Hair shows incredible diversity in curl and texture. While this diversity can be produced naturally, genetics plays a major role. Photo credit: Atiya Walker via Unsplash
Hair is a characteristic trait of all mammals with varied textures, structures, and colours. At the molecular level, hair is composed of a protein called alpha-keratin, which exists in two forms: Type I and Type II. The former is composed of acidic amino acids (the building blocks of proteins), whilst the latter is composed of basic amino acids.
One helix of each type intertwines due to physical forces between them, forming coiled, rope-like strands. Several strands assemble into larger complexes, known as protofilaments, which then combine to form thicker structures called intermediate filaments. Multiple intermediate filaments collectively form the hair cortex, which is then surrounded by the cuticle, an outer structure made from overlapping cells.
Uncovering the structure of hair provides a useful scientific basis for understanding an important facet of our identities, and thus celebrating our differences.
Despite similarities in structure, there is a huge amount of variety in colour, texture, volume, and curl pattern across the population. While this can be influenced by styling, this diversity is ingrained in our genetics. Uncovering the structure of hair provides a useful scientific basis for understanding an important facet of our identities, and thus celebrating our differences.
The Science of Hairdressing
Cuticle cells give hair its great strength and stability. This is owed to an extensive network of disulphide bonds, which form between two sulphur atoms on adjacent parts of the keratin protein.
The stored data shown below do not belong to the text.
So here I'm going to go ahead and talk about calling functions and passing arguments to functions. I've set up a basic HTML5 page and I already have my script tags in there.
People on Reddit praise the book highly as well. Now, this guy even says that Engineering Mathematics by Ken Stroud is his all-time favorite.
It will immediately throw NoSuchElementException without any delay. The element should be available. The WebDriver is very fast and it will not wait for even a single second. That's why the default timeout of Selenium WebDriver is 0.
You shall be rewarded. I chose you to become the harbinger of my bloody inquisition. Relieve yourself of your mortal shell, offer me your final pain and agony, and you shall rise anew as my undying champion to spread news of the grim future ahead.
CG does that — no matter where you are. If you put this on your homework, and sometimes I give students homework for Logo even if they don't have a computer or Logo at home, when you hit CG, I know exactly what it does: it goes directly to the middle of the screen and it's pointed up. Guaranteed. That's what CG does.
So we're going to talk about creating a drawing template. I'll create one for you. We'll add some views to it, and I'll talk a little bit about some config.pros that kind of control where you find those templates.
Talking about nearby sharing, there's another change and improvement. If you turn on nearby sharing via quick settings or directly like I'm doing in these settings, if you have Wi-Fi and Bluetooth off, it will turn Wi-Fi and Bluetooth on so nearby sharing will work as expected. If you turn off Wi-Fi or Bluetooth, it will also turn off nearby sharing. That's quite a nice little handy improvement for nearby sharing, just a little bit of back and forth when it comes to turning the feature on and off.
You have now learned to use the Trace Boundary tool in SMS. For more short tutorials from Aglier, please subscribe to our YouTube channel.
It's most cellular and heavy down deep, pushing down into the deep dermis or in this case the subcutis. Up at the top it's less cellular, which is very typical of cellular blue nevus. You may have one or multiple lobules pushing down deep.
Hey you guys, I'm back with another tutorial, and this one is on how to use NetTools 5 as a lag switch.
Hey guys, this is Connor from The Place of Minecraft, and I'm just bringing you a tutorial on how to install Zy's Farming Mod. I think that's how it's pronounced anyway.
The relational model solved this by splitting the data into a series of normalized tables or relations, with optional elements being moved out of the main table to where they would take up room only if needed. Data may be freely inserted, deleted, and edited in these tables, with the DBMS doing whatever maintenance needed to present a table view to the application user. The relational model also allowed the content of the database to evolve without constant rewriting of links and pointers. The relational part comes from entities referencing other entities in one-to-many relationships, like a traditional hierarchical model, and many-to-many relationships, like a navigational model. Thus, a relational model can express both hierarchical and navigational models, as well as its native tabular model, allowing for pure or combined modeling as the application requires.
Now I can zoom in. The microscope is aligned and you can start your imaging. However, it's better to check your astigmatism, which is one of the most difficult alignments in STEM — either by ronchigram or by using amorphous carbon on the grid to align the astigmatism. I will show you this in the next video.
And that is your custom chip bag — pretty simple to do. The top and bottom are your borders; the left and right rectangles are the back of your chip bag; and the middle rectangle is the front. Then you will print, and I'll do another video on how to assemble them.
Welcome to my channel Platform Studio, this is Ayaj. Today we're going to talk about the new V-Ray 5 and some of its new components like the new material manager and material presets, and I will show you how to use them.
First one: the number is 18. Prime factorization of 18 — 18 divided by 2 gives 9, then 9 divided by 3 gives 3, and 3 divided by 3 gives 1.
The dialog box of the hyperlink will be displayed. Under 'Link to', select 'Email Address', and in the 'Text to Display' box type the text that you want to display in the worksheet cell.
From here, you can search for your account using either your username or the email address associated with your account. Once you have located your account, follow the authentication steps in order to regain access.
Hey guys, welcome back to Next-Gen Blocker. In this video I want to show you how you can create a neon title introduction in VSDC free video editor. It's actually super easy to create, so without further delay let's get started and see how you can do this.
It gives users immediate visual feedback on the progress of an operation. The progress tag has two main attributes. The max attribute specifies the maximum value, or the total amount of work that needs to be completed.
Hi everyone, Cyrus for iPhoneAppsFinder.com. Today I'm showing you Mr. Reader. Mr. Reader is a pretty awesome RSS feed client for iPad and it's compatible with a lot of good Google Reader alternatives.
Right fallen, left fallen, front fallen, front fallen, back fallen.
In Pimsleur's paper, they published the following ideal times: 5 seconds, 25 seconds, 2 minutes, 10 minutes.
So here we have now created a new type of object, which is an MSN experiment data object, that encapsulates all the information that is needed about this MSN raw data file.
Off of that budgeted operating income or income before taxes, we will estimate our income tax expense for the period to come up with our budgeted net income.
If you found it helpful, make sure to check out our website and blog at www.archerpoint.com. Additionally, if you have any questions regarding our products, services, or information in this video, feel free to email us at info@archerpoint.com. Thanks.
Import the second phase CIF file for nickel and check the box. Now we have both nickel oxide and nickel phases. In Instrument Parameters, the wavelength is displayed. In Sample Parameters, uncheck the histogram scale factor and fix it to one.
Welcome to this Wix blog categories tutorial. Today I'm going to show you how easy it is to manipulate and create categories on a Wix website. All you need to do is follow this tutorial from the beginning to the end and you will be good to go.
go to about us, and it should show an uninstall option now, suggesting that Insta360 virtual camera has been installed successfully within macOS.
These bonds are amongst the strongest chemical bonds that occur in nature and they hold the key to changing the structure of hair—for instance via waving, curling, or straightening.
The disulphide linkages between keratin hair filaments can be chemically broken using heat. This also disrupts the network of hydrogen bonding, which is important for maintaining the overall structure of the hair cortex. An uncoiling and reshaping effect will, therefore, occur if the hair is bent into a new shape using tongs or straighteners. The application of chemicals then promotes the formation of disulphide bonds in new positions, leading to the hair being waved or curled.
The structure of the proteins in our hair confers great overall strength to individual filaments. This might be an evolutionary explanation for why these proteins are also used to build other biological structures, including skin and wool.
A Genetic Component?
Factors including the shape of the hair follicle and the density of disulphide bonds between keratin filaments are known to influence hair shape, and these are subject to genetic control. One gene thought to be responsible is the gene for trichohyalin, a protein expressed in the inner root sheath cells of hair follicles. This protein contains many charged helical regions that enable it to associate electrostatically with the intermediate filaments of the hair cortex, conferring mechanical strength.
The degree of association and the prevalence of trichohyalin affects the structure of the intermediate filaments, creating changes to the overall texture of the hair. Variations of this gene, called polymorphisms, are therefore thought to be associated with differences in hair morphology, emphasising the role of disulphide bonds in whether hair is curly, wavy, or straight.
Another gene that may also be involved in influencing hair shape encodes the copper transporter protein: CUTC. Recent studies have indicated that controlling copper uptake might be crucial for hair curl formation, with copper deficiencies being associated with discrepancies in wool quality in lambs.
There remain many questions surrounding the full extent of genes involved in hair morphology…
Several genetic disorders also shed light on the biological basis of hair shape. For example, ‘woolly hair syndrome’ results in characteristically fine curls, whereas sufferers of ‘uncombable hair syndrome’ have very wiry and difficult to comb hair. Studying the structural changes caused by these genetic differences will lead to greater understanding of their roles in controlling hair shape.
There remain many questions surrounding the full extent of genes involved in hair morphology, how this varies between different populations, and the science behind styling. It is likely that we are still far from fully understanding the complete range of genetic and environmental factors controlling curls.